Some VIVO Things Blog

Musings on the ecosystem, community, software, data, use, and whatever else comes to mind.

Is VIVO FAIR?

NOTE: Apologies in advance. This post is a bit longer than I would like, and contains some unavoidable technical terms. I have tried to provide citations for each term, recognizing that this will further lengthen the reading for some. I felt it was better to address this topic in one post rather than break it in two. I hope that is good for all.

The FAIR Data Principles developed by Force 11 are increasingly popular and provide a means for assessing whether data is being shared in a useful manner for others.

VIVO sites produce data in the form of assertions about the connected graph of research and scholarship. How does VIVO stack up against the FAIR data principles?

Findable.

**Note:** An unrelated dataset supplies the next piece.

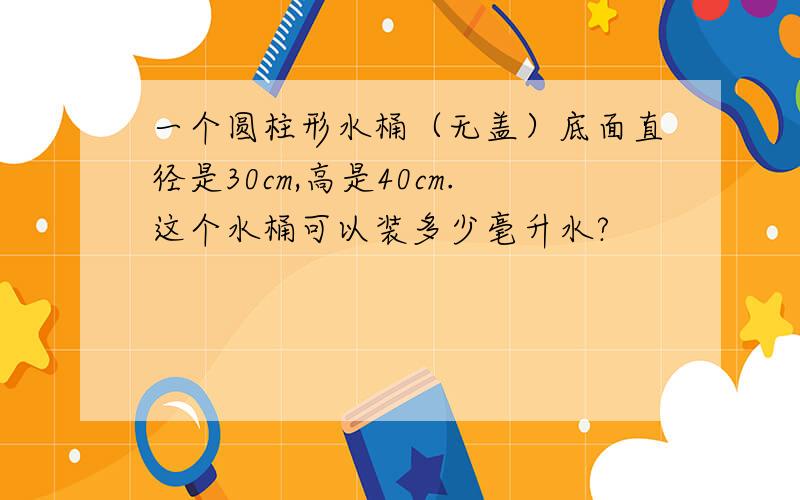 一个圆柱形水桶（无盖）底面直径是30cm,高是40cm.这个水桶可以装多少毫升水?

VIVO data is quite findable. VIVO includes schema.org tags on its pages to improve search engine finding. VIVO has a registry of sites with URLs for the sites. VIVO sites can participate in Direct2Experts, another finding tool. VIVO site data is aggregated by CTSAsearch, yet another finding tool. OpenVIVO provides its data as constantly updated text files on the web. These files are very easy to find using a search engine (hint: search for "OpenVIVO data"). And with the addition of Triple Pattern Fragments (TPF), in the next release of VIVO, I expect additional tools to be developed to find VIVO data. The future is bright to further improve "find ability" of VIVO data.

Accessible. If people can find your VIVO data, can they access it? The answer is yes. VIVO is designed to share its data. Every page in VIVO can be accessed as HTML, which browsers use to render the page for humans to read, and as Resource Description Framework (RDF), a machine readable data format for computers to read. This is one of VIVO's strongest features, and one of its biggest secrets. Programmers can access VIVO's data starting from almost any page in VIVO, because VIVO provides a connected graph of scholarship and research. Starting at a person, one can find papers, leading to co-authors. Starting at an organization, one can find people who have positions in the organization. Starting at a grant, one can find the funding agency, investigators, and so on. VIVO makes traversing the graph straightforward.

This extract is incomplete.